All these definitions apply to finite sequences accordingly. Observe that every sequence arises by "numbering" the elements of its range (the terms): \(u_{1}\) is the *first* term, \(u_{2}\) is the *second* term, and so on. By so numbering, we put the terms in a certain *order*, determined by their subscripts \(1,2,3, \ldots\) (like the numbering of buildings in a street, of books in a library, etc. \() .\) The question now arises: Given a set \(A,\) is it always possible to "number" its elements *by integers*? As we shall see in \(\$ 4,\) this is not always the case. This leads us to the following definition.

Definition 4

A set \(A\) is said to be *countable* iff \(A\) is contained in the range of some sequence (briefly, the *elements* of \(A\) *can be put in a sequence*).

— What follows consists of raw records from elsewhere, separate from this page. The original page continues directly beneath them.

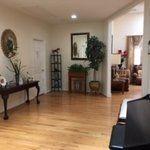 Emilia Assisted Living Home of Ashlawn - Gallery Image 1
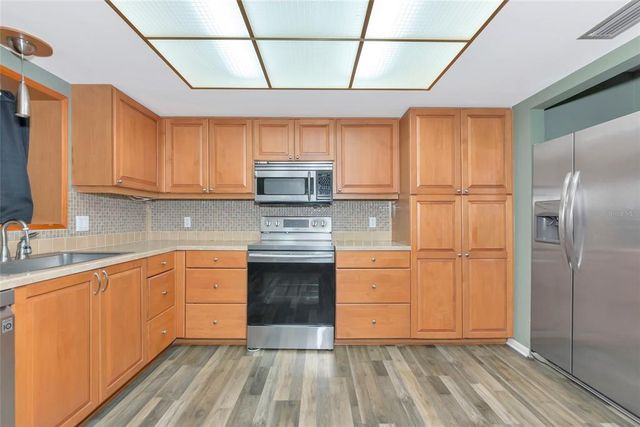 1312 73RD STREET NW, Bradenton, FL 34209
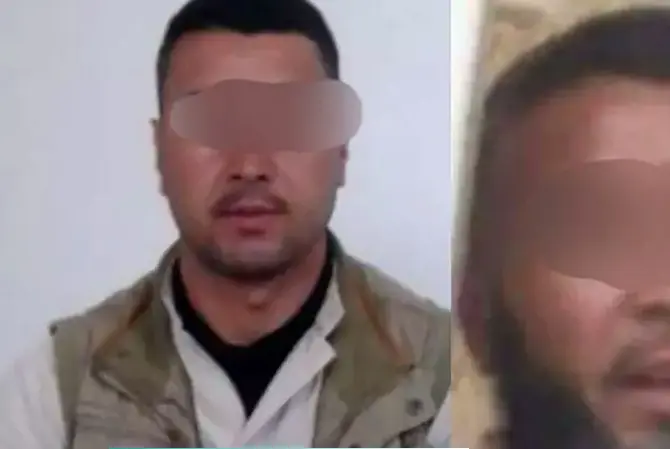 بزک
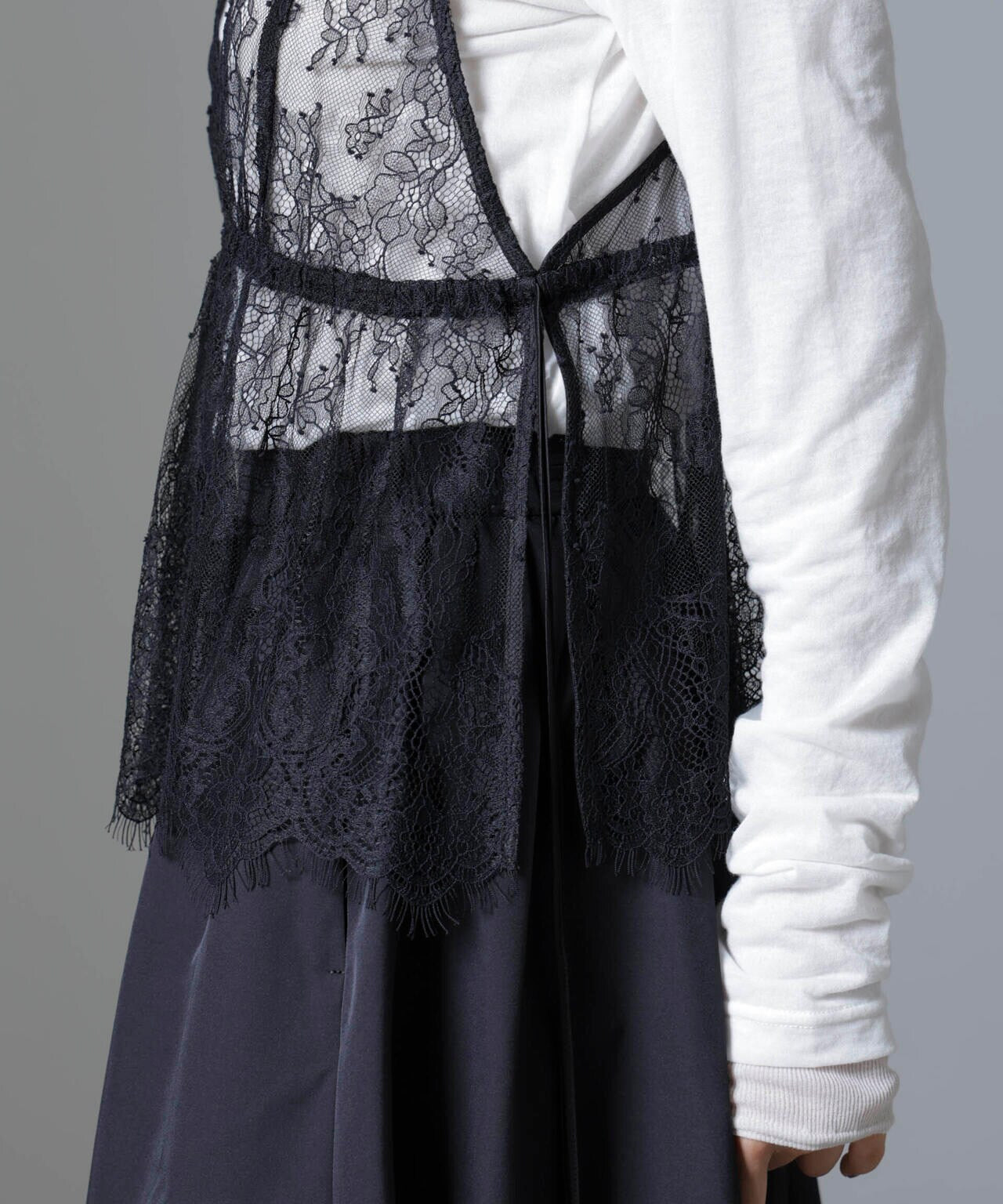 3ccdd4a9-5688-5463-a5da-6cb1df8a8e5b_Image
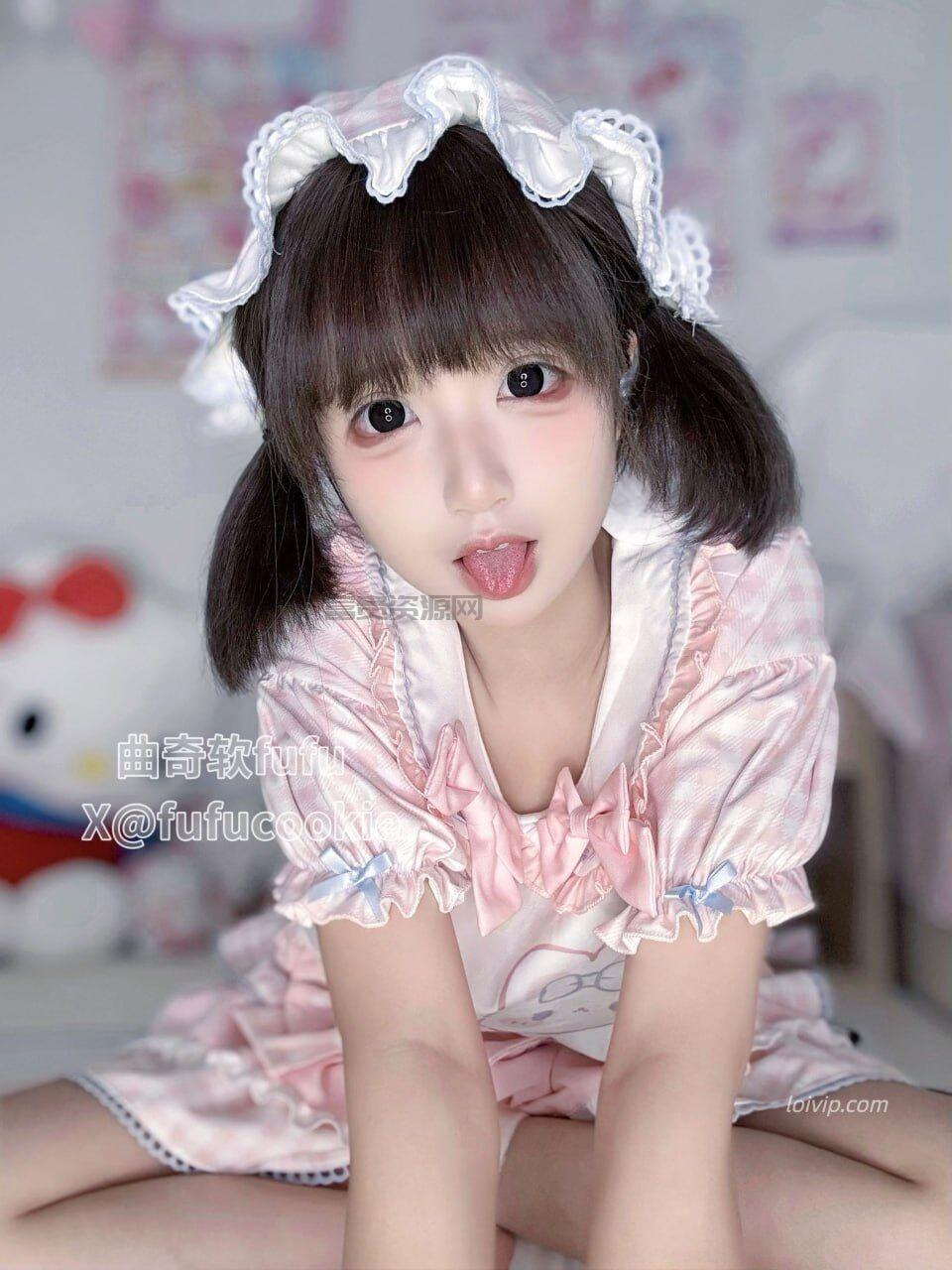 6919d7b61a1e2.jpg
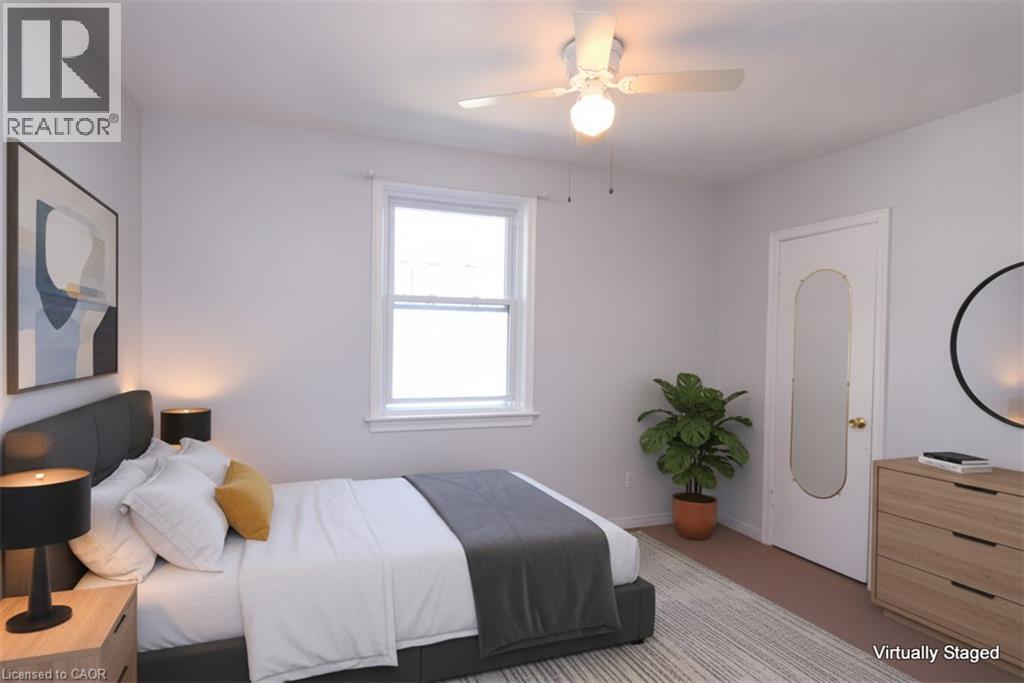39 Chester Road, Stoney Creek, Ontario  L8E 1X8 - Photo 18 - 40862439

If, in particular, this sequence can be chosen finite, we call \(A\) a *finite* set. (The empty set is finite.)

Sets that are not finite are said to be *infinite*.

Sets that are not countable are said to be *uncountable*.

Note that all finite sets are countable. The simplest example of an infinite countable set is \(N=\{1,2,3, \ldots\}\).